(Saved entries)
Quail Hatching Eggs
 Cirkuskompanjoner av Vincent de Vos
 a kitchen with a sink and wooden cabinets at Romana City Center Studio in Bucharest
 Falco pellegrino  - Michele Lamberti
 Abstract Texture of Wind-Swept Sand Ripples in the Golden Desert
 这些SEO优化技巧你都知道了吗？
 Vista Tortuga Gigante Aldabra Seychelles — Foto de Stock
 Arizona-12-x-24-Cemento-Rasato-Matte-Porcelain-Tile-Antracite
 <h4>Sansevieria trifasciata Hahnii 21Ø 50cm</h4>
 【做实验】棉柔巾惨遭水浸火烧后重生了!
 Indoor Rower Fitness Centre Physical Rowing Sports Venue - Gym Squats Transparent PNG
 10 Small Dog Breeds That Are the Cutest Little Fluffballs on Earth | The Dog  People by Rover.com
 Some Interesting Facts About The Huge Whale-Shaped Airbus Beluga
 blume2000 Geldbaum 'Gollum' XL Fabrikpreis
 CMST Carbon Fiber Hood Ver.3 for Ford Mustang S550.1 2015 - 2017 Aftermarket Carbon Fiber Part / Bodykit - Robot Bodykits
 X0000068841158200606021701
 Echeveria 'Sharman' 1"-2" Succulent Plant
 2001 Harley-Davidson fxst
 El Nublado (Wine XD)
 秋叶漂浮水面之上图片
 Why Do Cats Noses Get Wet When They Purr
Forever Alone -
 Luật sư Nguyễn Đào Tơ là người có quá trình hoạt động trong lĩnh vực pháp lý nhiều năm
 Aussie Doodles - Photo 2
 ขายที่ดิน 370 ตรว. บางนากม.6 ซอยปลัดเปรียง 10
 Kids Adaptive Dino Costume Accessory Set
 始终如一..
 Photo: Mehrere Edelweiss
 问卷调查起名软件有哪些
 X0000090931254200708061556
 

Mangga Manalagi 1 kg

• **Your objective**
Give back exactly the lines from the line containing "这些SEO优化技巧你都知道了吗？" to the end of the entries, and no other lines.

• **Output**
 这些SEO优化技巧你都知道了吗？
 Vista Tortuga Gigante Aldabra Seychelles — Foto de Stock
 Arizona-12-x-24-Cemento-Rasato-Matte-Porcelain-Tile-Antracite
 <h4>Sansevieria trifasciata Hahnii 21Ø 50cm</h4>
 【做实验】棉柔巾惨遭水浸火烧后重生了!
 Indoor Rower Fitness Centre Physical Rowing Sports Venue - Gym Squats Transparent PNG
 10 Small Dog Breeds That Are the Cutest Little Fluffballs on Earth | The Dog  People by Rover.com
 Some Interesting Facts About The Huge Whale-Shaped Airbus Beluga
 blume2000 Geldbaum 'Gollum' XL Fabrikpreis
 CMST Carbon Fiber Hood Ver.3 for Ford Mustang S550.1 2015 - 2017 Aftermarket Carbon Fiber Part / Bodykit - Robot Bodykits
 X0000068841158200606021701
 Echeveria 'Sharman' 1"-2" Succulent Plant
 2001 Harley-Davidson fxst
 El Nublado (Wine XD)
 秋叶漂浮水面之上图片
 Why Do Cats Noses Get Wet When They Purr
Forever Alone -
 Luật sư Nguyễn Đào Tơ là người có quá trình hoạt động trong lĩnh vực pháp lý nhiều năm
 Aussie Doodles - Photo 2
 ขายที่ดิน 370 ตรว. บางนากม.6 ซอยปลัดเปรียง 10
 Kids Adaptive Dino Costume Accessory Set
 始终如一..
 Photo: Mehrere Edelweiss
 问卷调查起名软件有哪些
 X0000090931254200708061556
 

Mangga Manalagi 1 kg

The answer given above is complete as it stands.